* Exercise objective:
Look below for the line holding "Condominium for Rent, Sky" and the line holding "9 Фотография поврежденного". Transcribe exactly those lines and all lines between them, nothing more.

[Available records Boundary: Start]

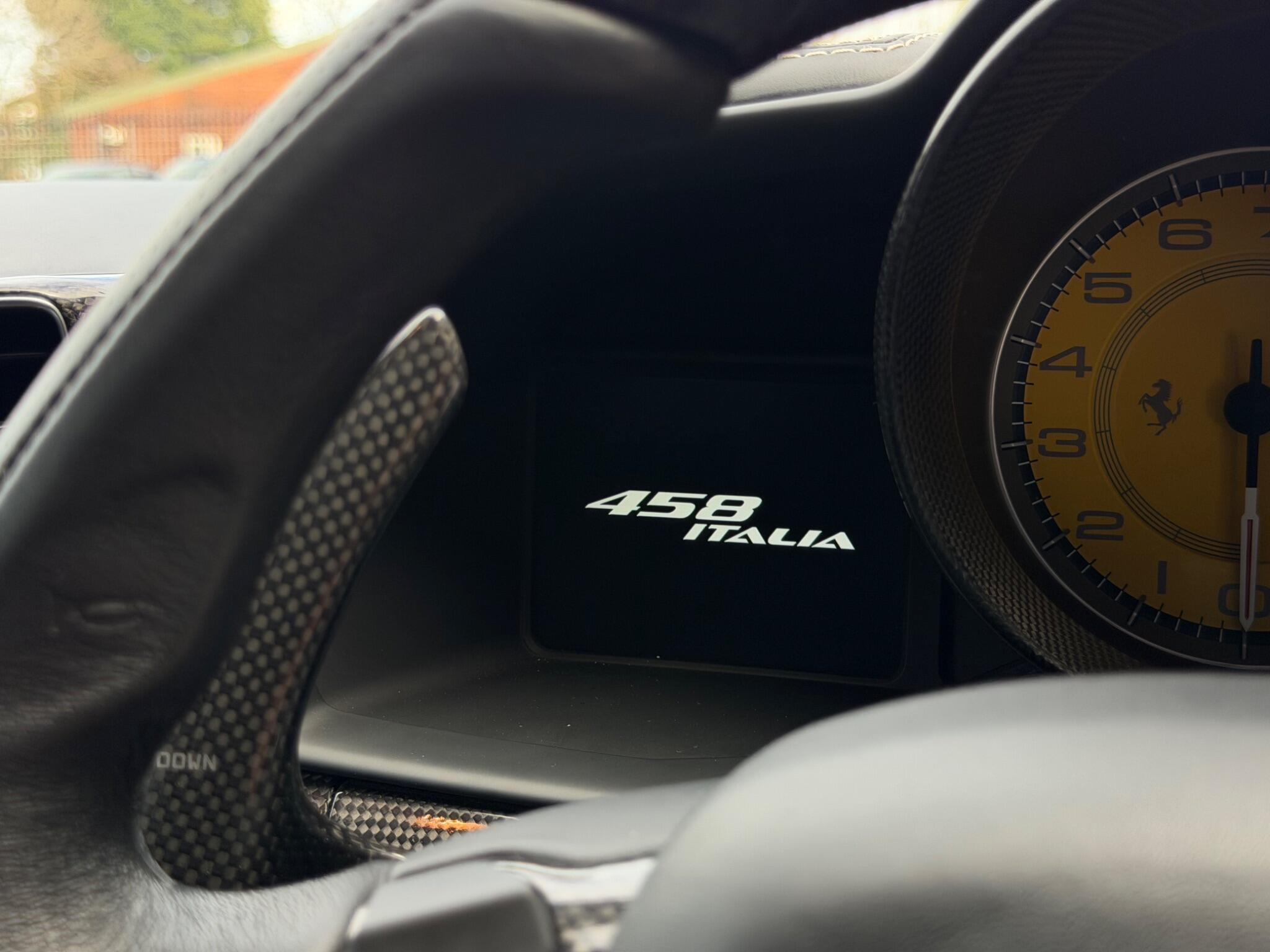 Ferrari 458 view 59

[Available records Boundary: End]
[Available records Boundary: Start]

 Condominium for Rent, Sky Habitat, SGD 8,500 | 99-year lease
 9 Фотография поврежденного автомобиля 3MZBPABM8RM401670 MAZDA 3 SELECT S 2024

[Available records Boundary: End]

* Problem solution:
 Condominium for Rent, Sky Habitat, SGD 8,500 | 99-year lease
 9 Фотография поврежденного автомобиля 3MZBPABM8RM401670 MAZDA 3 SELECT S 2024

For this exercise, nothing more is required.